4 minutes which changed football world

4 minutes which changed football world

Four minutes which changed the football world

Just about everything has been said of Diego Maradona in thousands of tributes to the Argentine player who died on Wednesday.

Many believe he was the best ever footballer and there is no question he was a national hero, attaining God-like status in his homeland.

Debates over whether Maradona or Pele was the greatest of that era are unhelpful.

Both were extraordinarily gifted players, but they were very different people, with different skills, and Maradona suffered many more problems off the pitch than Pele.

Interestingly, Pele was one of the first to offer his tribute to Maradona, commenting: "I have lost a dear friend and the world has lost a legend."
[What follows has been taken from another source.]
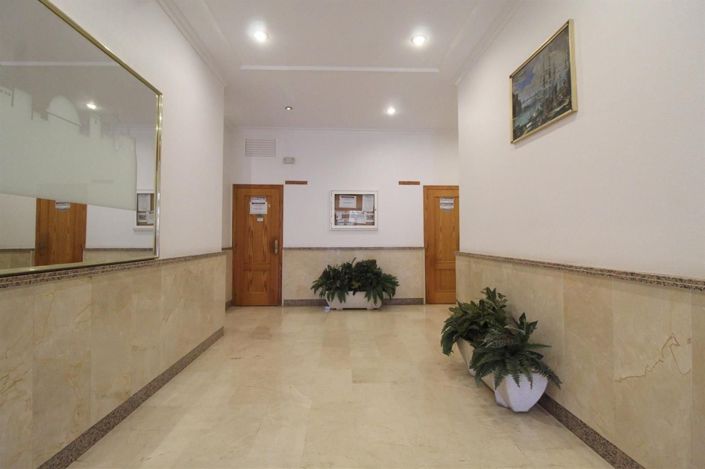 Image No.27-2 Bed Apartment for sale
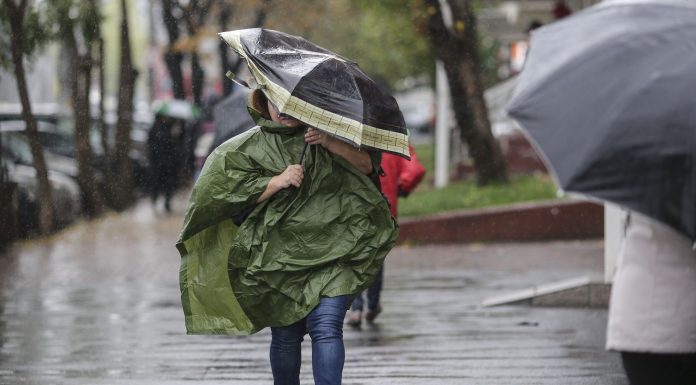Cod portocaliu de vreme severă în cinci județe. Bucureștiul, sub avertizare de vijelii și grindină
If you have been watching the television news in the past few days you will probably have seen dozens of times the two goals Maradona scored in Argentina's memorable 2-1 quarter-final defeat of England in the 1986 World Cup.

That match in Mexico is probably one of the most famous games in international football that was not a final.

There have been comprehensive articles in the Bangkok Post concerning Maradona's colourful career, so let's concentrate on that particular match.

It must be remembered that it took place only four years after the Falklands War and there was still considerable tension between the two countries.

Maradona scored more than 300 goals in his career but the two he notched against England on that tumultuous day in June, have been arguably the most talked about in football history.

In the space of four minutes in the second half, he first scored what became known as the "Hand of God" goal, only to follow it with a sublime individual effort that many believe is the "Goal of the Century" in World Cup matches.

As unacceptable as the first goal was, the second was a thing of beauty as Maradona collected the ball in his own half and glided through an admittedly static England defence, leaving Peter Beardsley, Peter Reid, Terry Butcher and Terry Fenwick in his wake before firing the ball past goalkeeper Peter Shilton.

These days he would probably been brought down by a "professional foul" long before he reached the penalty area.

Former England captain Bryan Robson even commented at the time: "Reidy [Peter Reid] might've taken him down on the halfway line if he had realised what was going to happen." But Reid wasn't to know what magic Maradona was about to conjure up.

In fact, Maradona later praised the England team for their fair play, saying other teams would have flattened him once he had started running with the ball.

That was of little consolation to England of course.

Frustrated though they were, even the England players acknowledged the brilliance of the second goal.

Centre half Butcher commented: "I just couldn't get near him -- all I ever saw was his number 10."

Gary Lineker who scored England's goal in that game, called Maradona's effort the best he had ever seen.

He commented: "That was the first time ever I almost applauded on the pitch something the opposition had done."

Commentating on the match for Spanish listeners was the respected Uruguayan broadcaster Victor Hugo Morales and his ecstatic reaction to Maradona's second goal is worth repeating. Here's an extract:

"There's Maradona with two men on him… he goes down the right flank. He's still got it. Genius! Genius! Genius!...Goaaaaaaaal! Goaaaaaaaal! I want to cry. Oh holy God, long live football. What a goal! It is to cry for … Maradona in a memorable run, the best play of all times. Which planet did you come from to leave so many Englishmen behind? Thank you God, for football, for Maradona for these tears, for Argentina 2 England 0."

Tremendous stuff and the commentator was not even an Argentinian.

That match left England fans in a state of mental anguish and confusion.

They were furious at the handball but could not deny the excellence of the second goal.

And deep down, they might even admit that Argentina were the better team on the day.

Understandably, it took a long time for England fans to get over the "Hand of God" incident, although of course it was not the first or last time a player scored a goal with his hand.

Time is a good healer and although it still rankles with some, most England fans now accept that Maradona was a truly gifted player.

Maradona went on to dominate matches throughout the world both at club and international levels.

He almost single-handedly hauled a struggling Napoli team to two amazing Italian league titles.

In doing so, he had to put up with some horrendous tackles. No wonder 60,000 fans showed up just to watch him training where he entertained the crowd with extraordinary displays of "keepy uppy."

Maradona was a brilliant player and most definitely earned all the tributes that have been pouring in.